They faced each other silently. Each knew that the other gave verdict and that it was “guilty.”
“And yet,” said Mr. Summers, “circumstantial evidence is a shaky thing. A very shaky, tricky thing.”
“Yes,” said Sam. But there was no hope in his tone.
“What do you mean to do, Sam?”
“I’ve come to ask you, sir. I’ve a hundred dollars that father gave me. I’d like to give that to Annie Laurie if it would help her out any. But what is a hundred dollars? Why, Mr. Pace had thousands and thousands! And I hear they’re having a terrible hard time altogether—that they can’t get fit helpers, and that Miss Adnah isn’t turning out so good a boss after all, and that the accounts are getting all mixed up. It looks as if the whole thing was going to pieces.”
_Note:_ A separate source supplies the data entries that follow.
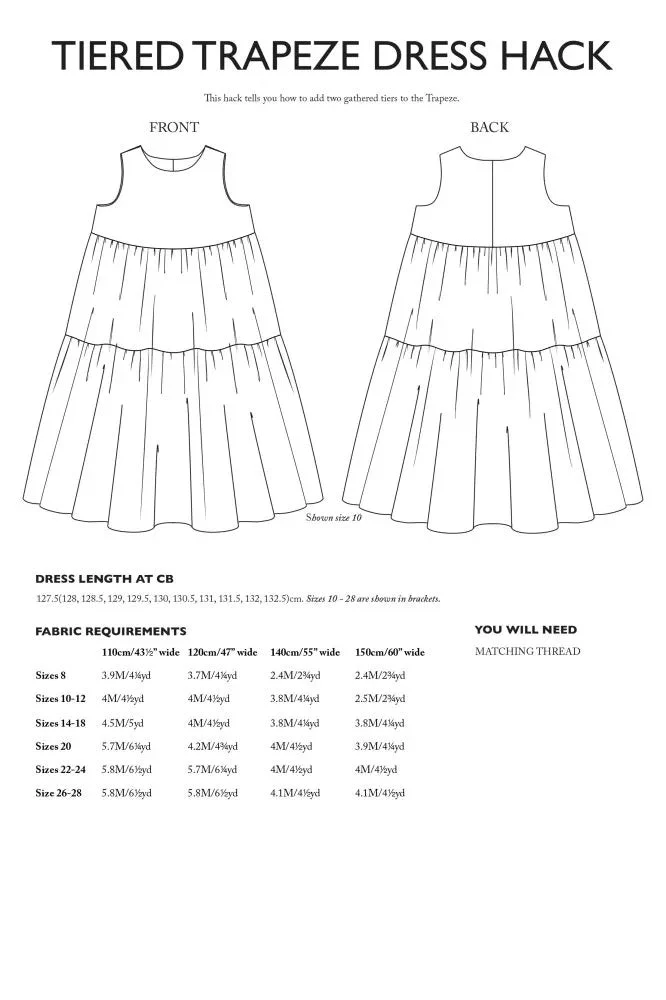 Trapeze Pattern Additions PDF Pattern - Merchant & Mills - Image 19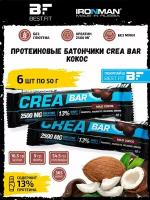 Ironman, Crea bar с креатином, 6х50г (кокос (в шоколаде))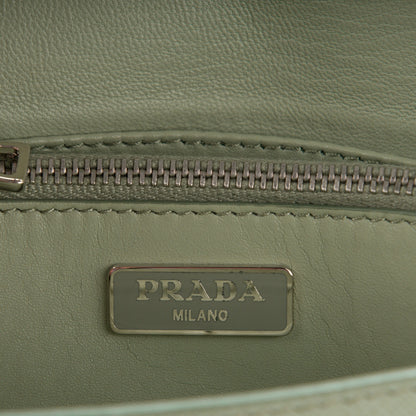 Prada Saffiano Metal Flap Wallet Acquamarina 6 of 8
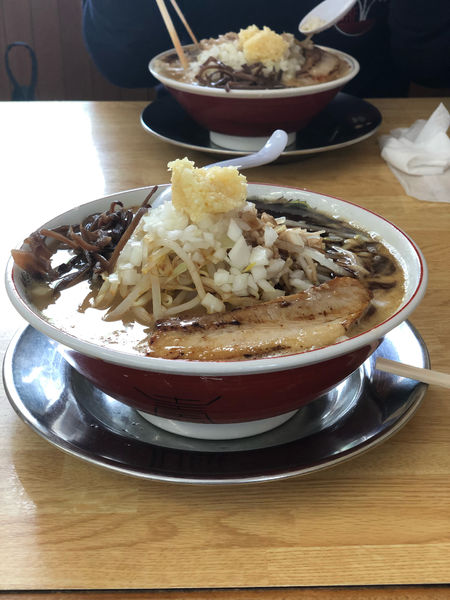「黒子豚らーめん大盛（860円）」@がっつり食堂ドカメンの写真
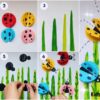 How to Make Beautiful Paper Ladybug Tutorial for kids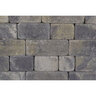 Angelus Stonewall II Cap Block Units Gray/Moss/Charcoal (57 ln. ft./pallet)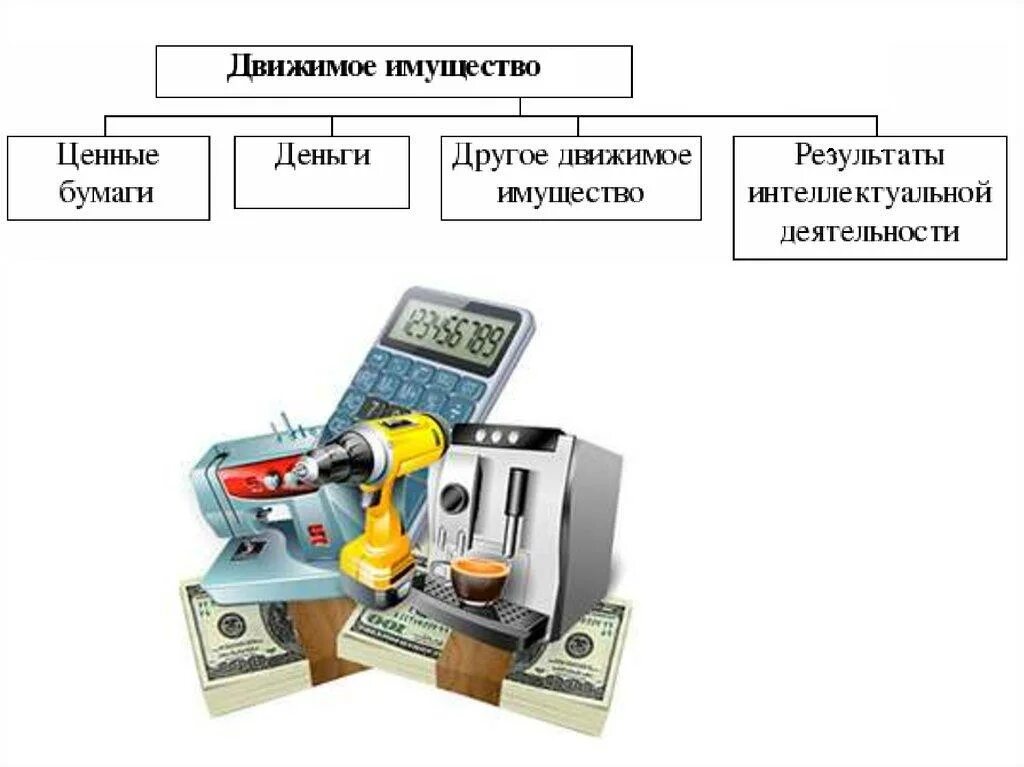 Признание имущества движимым. Движимое и недвижимое имущество. Движимое имущество это. Движимое имущество примеры. Движимые вещи.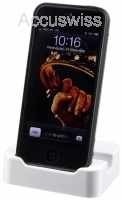 iPhone 5, 5C, 5S, mini-Dockingstation WEISS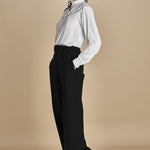 pantalone gessato in gabardine B0415248 R911 n21 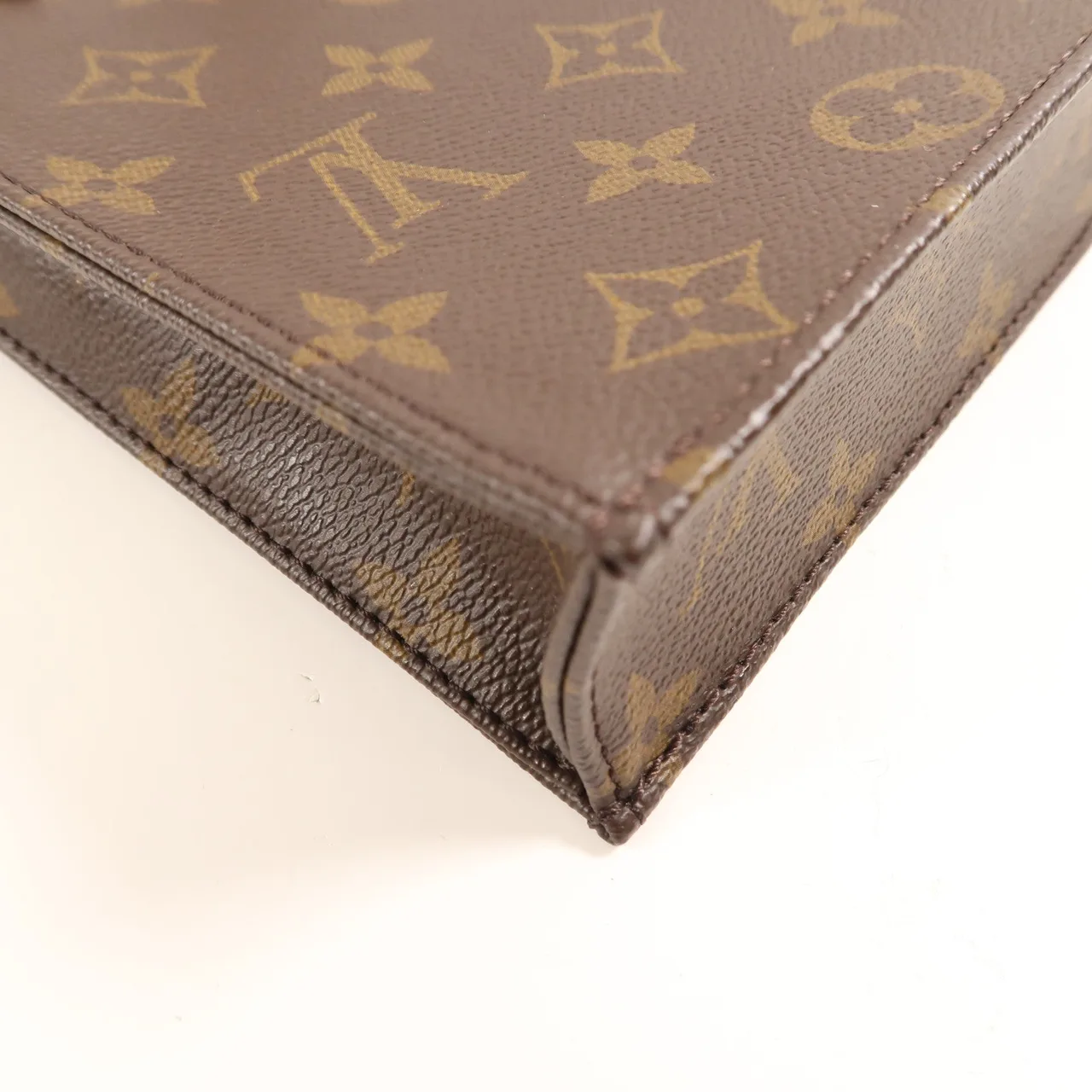 LOUIS VUITTON Petit Sac Plat M81295 兩用包 塗層帆布 棕色 塗層帆布 中古品B - 縮圖 11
“It needn’t,” said Mr. Summers rather sharply.
Sam looked up questioningly.
“If they had one good strong, capable helper on the place, say a man who was willing to work for nothing for the time being, a man with sense enough to find out the best ways of feeding cattle and caring for them, and peddling milk, and who wouldn’t mind sitting up after a hard day’s work to straighten out books, and who’d try to build up instead of putting in his best licks tearing down—the way those fool hands they have now seem to be doing—why, there’d be some hope. See?”
Sam got to his feet.
“Do you mean, Mr. Summers, that I—”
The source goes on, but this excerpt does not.